Sending your son or daughter to university is a big milestone - it’s when they become independent and begin to find their own way in the world. Although our relationship is with the students themselves - and we encourage them to take responsibility for every aspect of their university experience - we understand that you want to help and support them as they begin this new chapter in their lives.
Keep on top of deadlines
There is a lot to remember during the university application process, from submitting their UCAS application and organising student finance to applying for accommodation. As most students are also deep in their school/college studies, when coursework deadlines are looming and exams are approaching, it can be hard to keep on top of the various dates.
If you make a note of the key university deadlines, you can remind your son or daughter what they need to do when, if it slips their mind.
Run through how to budget
This will probably be the first time your child has had to take control of every aspect of their finances. It’s worth taking a bit of time to talk them through the basics of budgeting to help them keep on top of their money once September rolls around.

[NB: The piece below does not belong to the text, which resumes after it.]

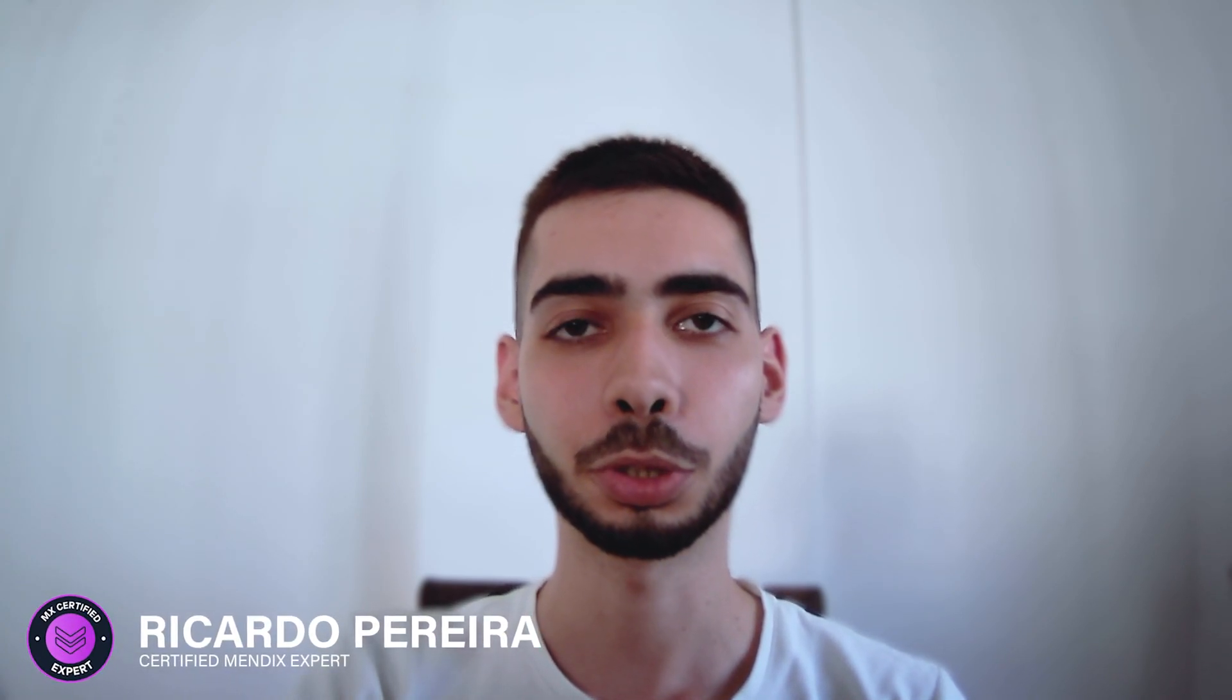Welcome guys! My name is Ricardo Pereira and today I'm going to show you how to use the new PDF document generator. So don't leave and learn Mendix.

Although a lot of expenses - including utility bills and internet costs - will be included in the price of their rent if they are staying in university accommodation, they will still need to budget for food and other day-to-day expenses, as well as having fun. You can find more information on budgeting in the fees and funding section.
Help them find the best student bank account
All the major high street banks offer student accounts and some provide better benefits than others. Helping your son or daughter compare the various options and work out which is best for them is a good exercise for both of you - you’ll know they’ve got an account that will provide them with all the financial services they need at university and they will hopefully have learned a bit more about financial services and how to compare them.
Offer them cooking lessons
Even if you’re not the world’s best chef, you will probably still be able to offer your son or daughter some useful tips on cooking. Find out if there’s anything they’d particularly like to learn how to cook themselves. Make sure they at least know the basics and have a few meals that they are comfortable preparing.
You should also help them buy the basic cooking utensils, crockery and cutlery that they’ll need when the arrive. All BU-managed accommodation will have a kettle, microwave, oven, hob, fridge and freezer, but basic cooking equipment won’t be provided. However they may want to check with other housemates before buying anything - no house needs six woks!
Talk to them
One of the most important things to do is talk to your child about how they feel about their forthcoming university experience. They will undoubtedly be excited but they’re also likely to have some concerns about living away from home for the first time.
Discuss everything well in advance of them leaving - they might be worried about little things that you can help with, such as cooking for themselves or doing their own washing, or may have bigger concerns about money and how they’ll fit into university life. All you can do is be supportive, but that may be enough to help them settle in initially.
If your son or daughter has any questions about life at BU, or university in general, they can contact us to discuss their queries.
We understand that sending your son or daughter to university can be a worry, particularly if it is their first time living away from home. At BU, we have a wealth of services in place to support the wellbeing of our students, which are signposted to them throughout their study.
We are only able to give you information regarding your son/daughter where we are permitted to do so by data protection laws. If we are aware that your son or daughter is experiencing health or welfare difficulties, we may suggest they contact you or do this on their behalf if they provide us with a signed statement of consent. We will only contact you without their express consent in exceptional cases where doing so is in their vital interests e.g. a medical emergency.
If you are concerned about your son or daughter and contact us, in some cases, we may be able to contact the student to tell them that you have been in touch, but generally we encourage you to talk to them directly about how they are finding the university experience. You can also use the provided information about our student wellbeing services to direct them to support and activities that they may find helpful.